Taquicardia ventricular idiopática do ventrículo esquerdo e seu tratamento ablativo

  A taquicardia ventricular esquerda idiopática pode ser terminada pela administração intravenosa de verapamil, daí o termo taquicardia ventricular sensível ao verapamil. A taquicardia ventricular esquerda idiopática é causada pela formação de um laço dobrável no segmento distal do ramo posterior (posterior esquerdo) ou anterior (anterior esquerdo) do ramo do feixe de verapamil esquerdo, sendo o primeiro mais comum. A ecocardiografia revela a presença de cordas pseudotendinosas do ventrículo esquerdo (uma estrutura inotrópica estriada através da cavidade ventricular que normalmente não é considerada de importância fisiológica) na maioria dos pacientes, e por isso pensa-se que as cordas pseudotendinosas podem estar envolvidas no desenvolvimento da taquicardia ventricular idiopática do VE, mas nem todos os pacientes com cordas pseudotendinosas desenvolvem taquicardia ventricular idiopática do VE, e por isso não existe evidência mais definitiva de uma relação entre as duas.
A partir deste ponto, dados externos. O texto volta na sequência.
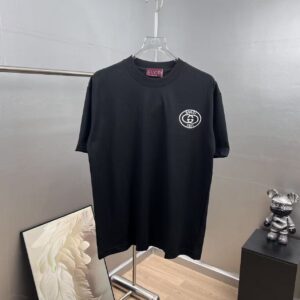 P75 gucc*古奇小logo刺绣 《区别通货面料》双纱纯棉上衣 7a抗菌短袖tee 上身十分舒适，男女同款半袖，落肩宽松版型 颜色: 黑色 白色 咖啡色 尺码：S（90-130斤） M（125-150斤） L（135-165斤） XL（160-190斤） XXL（185-220斤）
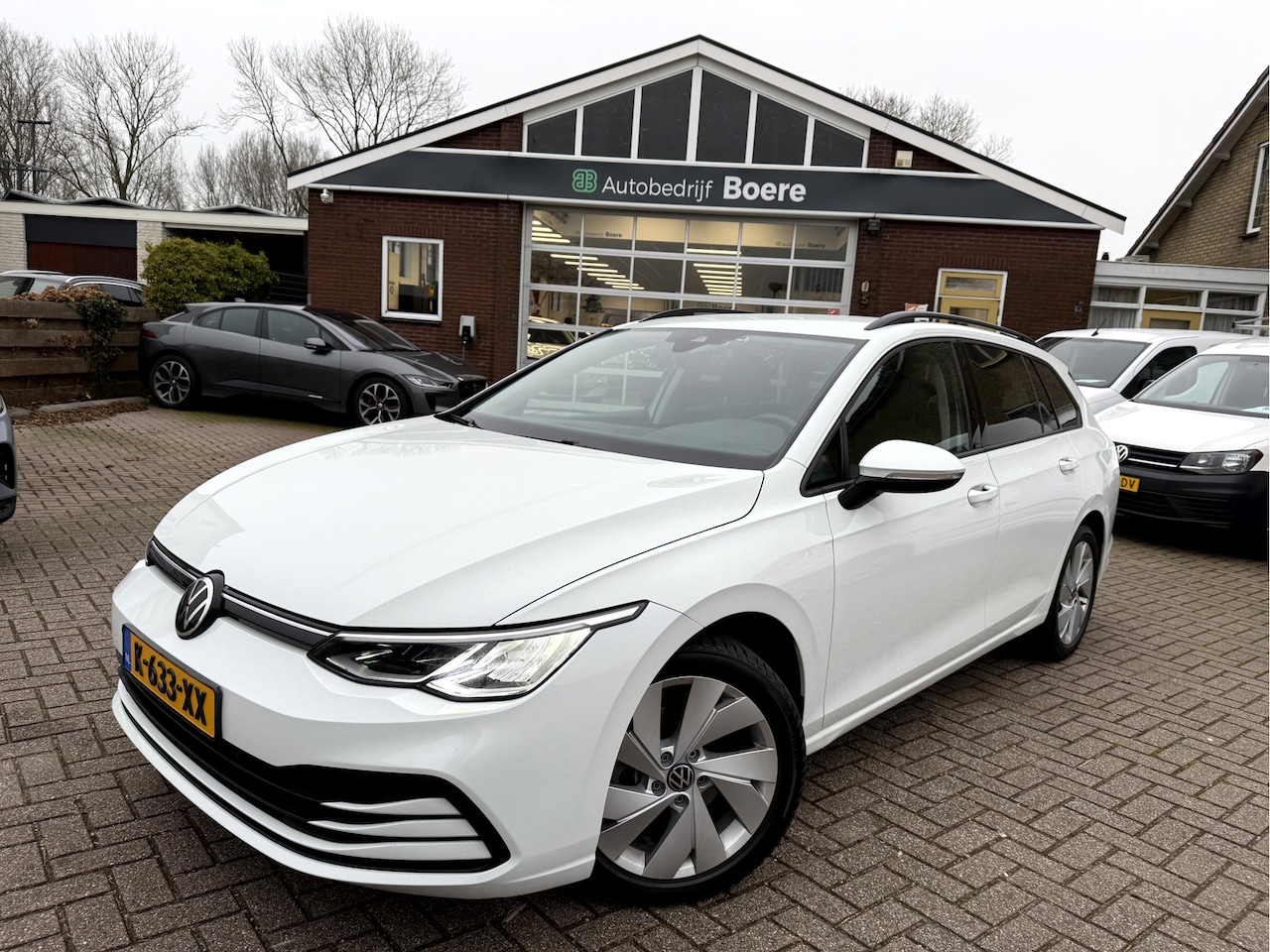 Volkswagen Golf Variant - 1.5 eTSI Life Bns Camera, 17''Lmv, Stoelverwarming - AutoWereld.nl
Semelhante à taquicardia ventricular da via de saída do ventrículo direito, a taquicardia ventricular idiopática do ventrículo esquerdo tem um bom prognóstico e raramente (mas pode) causar sérias complicações, tais como a morte súbita. A terapia medicamentosa a longo prazo inclui beta-bloqueadores, verapamil e tiazepam. A ablação pode ser considerada em pacientes que não responderam à medicação ou que não desejam tomar medicação.  A localização da terapia de ablação é também determinada tanto pelo ritmo como pelo alvo agonista. O alvo ideal da ablação é localizado no ponto mais inicial durante um episódio de taquicardia ventricular onde o potencial de Purkinje (um sinal específico de impulso eléctrico) pode ser medido na superfície do septo ventricular esquerdo ou na parede anterior. A taxa de sucesso da ablação da taquicardia ventricular idiopática do ventrículo esquerdo é superior a 90%.